Hayfever
National Theatre Company, Old Vic Theatre, 1964

with...

Sorel Bliss:  Louise Purnell
Simon Bliss: Derek Jacobi
Clara:  Barbara Hicks
Judith Bliss:   Edith Evans
David Bliss:  Anthony Nicholls
Sandy Tyrell:  Robert Stephens
Myra Arundel:  Maggie Smith
Richard Greatham:  Robert Lang
Jackie Coryton:  Lynn Redgrave

  ‘I’m thrilled and flattered and frankly a little flabbergasted that the National Theatre should have had the curious perceptiveness to choose a very early play of mine, and to give it a cast that could play the Albanian telephone directory.’  --Noël Coward, on arriving at the Old Vic to begin rehearsals for ‘Hay Fever,’ September 1964  

  Noël Coward was born in Teddington, Middlesex, on December 16, 1899.  He was seven years old when he made his debut before an audience; in a school concert he sang a song called ‘Time to Rise’ at the piano, and graciously consented to give an encore.  His first professional appearance was at the age of eleven, when he appeared as Prince Mussel in a children’s play entitled ‘The Goldfish.’  Later on he was Slightly in ‘Peter Pan,’ and (as somebody once remarked) you might say that he has been wholly in ‘Peter Pan’ ever since—preserving in middle age the staccato energies of youth.
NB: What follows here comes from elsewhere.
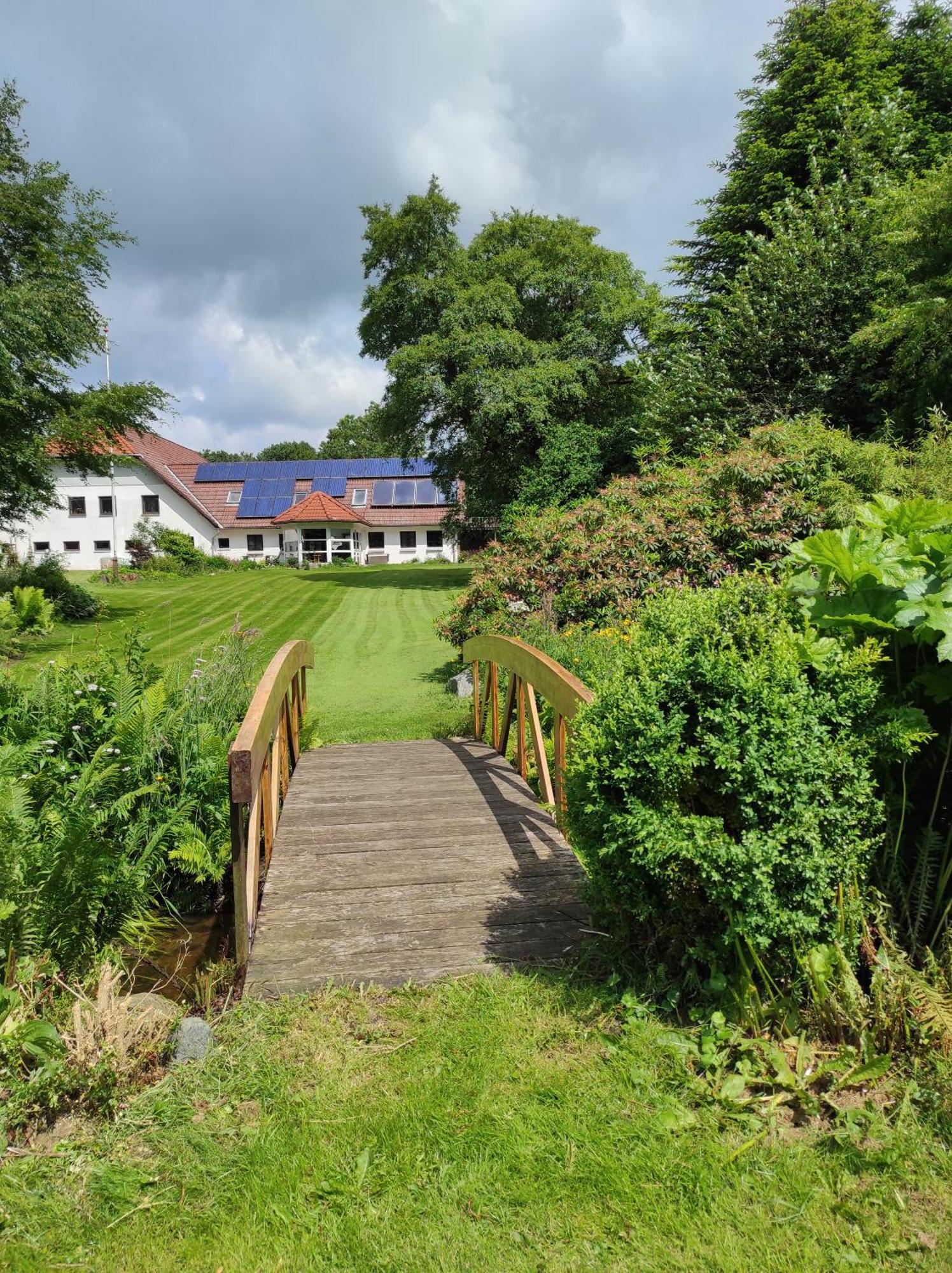 Emily'S Garden Lintrup Exterior foto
      In 1933 Coward summed up his feelings about the play in the introduction to Volume I of ‘Play Parade’:

  Hayfever is considered by many to be my best comedy.  Whether or not this assertion is true, posterity, if it gives it a glance, will be able to judge with more detachment than I..  At any rate it has certainly proved to be a great joy to amateurs, owing, I suppose, to the smallness of its cast, and the fact that it has only one set, which must lead them, poor dears, to imagine that it is easy to act. This species of delusion being common to amateurs all over the world, no word of mine shall be spoken, no warning finger of experience raised, to discourage them, beyond the timorous suggestion that from the professional standpoint Hay Fever is far and away one of the most difficult plays to perform that I have ever encountered . . . I am very much attached to Hay Fever. I enjoyed writing it and producing it, and I have frequently enjoyed watching it.’